Pescara si prepara a fronteggiare una nuova ondata di maltempo. A partire da oggi e per le prossime 36 ore, stando ai bollettini meteo sulla nostra provincia si dovrebbero abbattere circa 20 centimetri di neve. Un'emergenza nell'emergenza, dunque, ma la macchina della protezione civile è pronta ad entrare in azione. Ieri pomeriggio si è svolto il vertice del Centro di coordinamento soccorsi, al quale hanno partecipato il prefetto D'Antuono, il questore Passamonti, i colonnelli Galanzi e Odorisio e i massimi rappresentanti delle forze dell'ordine. «Riteniamo il bilancio della prima esperienza soddisfacente - ha dichiarato D'Antuono -, il sistema ha tenuto e lo riproporremo nei prossimi giorni se ce ne sarà bisogno, ovviamente carico delle consapevolezze maturate e delle conoscenze acquisite dalle criticità riscontrate». L'obiettivo è garantire la sicurezza di tutti i cittadini, anche alla luce del decreto Monti che prevede che sia la Protezione civile ha sovraintendere tutte le iniziative necessarie nelle prossime ore e che si occupi, fra l'altro, della distribuzione dei beni di prima necessità.
Il traffico pesante resta il sorvegliato speciale. Dal Ccs hanno fatto sapere di essere pronti ha mettere, pure nei prossimi giorni, dei punti di filtraggio agli ingressi delle autostrade, per impedire l'accesso ai mezzi pesanti privi delle adeguate attrezzature. Un provvedimento duro ma necessario, se si pensa che nella notte fra mercoledì e giovedì si è verificato un altro incidente, un tamponamento che ha coinvolto due tir sulla corsia Nord dell'A14. Un camionista 58enne di Terlizzi (Bari) è rimasto gravemente ferito e adesso è ricoverato all'ospedale di Pescara. Ma è la viabilità in generale uno degli aspetti più delicati di questa emergenza. Anche se nei depositi comunali sono pronti circa 800 quintali di sale, il sindaco ha firmato l'ordinanza che pevede l'obbligo di catene a bordo o gomme termiche. Altre misure: chiusura delle scuole, che riapriranno lunedì, la sospensione dei mercati rionali e anche dei cimiteri, fino a domenica. Scuole chiuse anche negli altri cntri della provincia. Ma anche spostarsi con i mezzi pubblici non è sempre semplice in questi giorni. Significativa, in tal senso, la testimonianza di Pio Piccioni, che in una mail inviata in redazione ha voluto, da un lato, ringraziare dirigenti e autisti dell'Arpa per l'ottimo servizio svolto sul territorio provinciale; dall'altro, però, ha anche sottolineato le gravi carenze della Gtm, i cui autobus, non essendo equipaggiati, hanno avuto seri problemi nel salire sulle zone collinari.

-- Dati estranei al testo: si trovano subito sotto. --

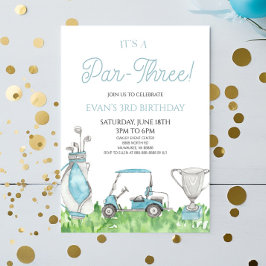 Es ist ein Par-Three! Blue Golf 3. Geburtstag Part Einladung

Un'anomalia che non dev'essere sfuggita neanche al vicesindaco Fiorilli, che precisa: «L'obbligo di catene e gomme da neve resterà in vigore fino al 15 aprile». Il provvedimento, certamente, servirà a garantire la sicurezza di molti abitanti di Pescara, la città da cui sono arrivate, a livello provinciale, il maggior numero di richieste di soccorso, insieme a Popoli e Scafa. A confermarlo è il comandante dei Vigili del Fuoco Di Risio, che ha anche voluto lanciare un appello: «Abbiamo cercato di rispondere a tutte le richieste di aiuto e continueremo a farlo, ma chiedo ai cittadini di non intasare le nostre linee se non realmente in pericolo».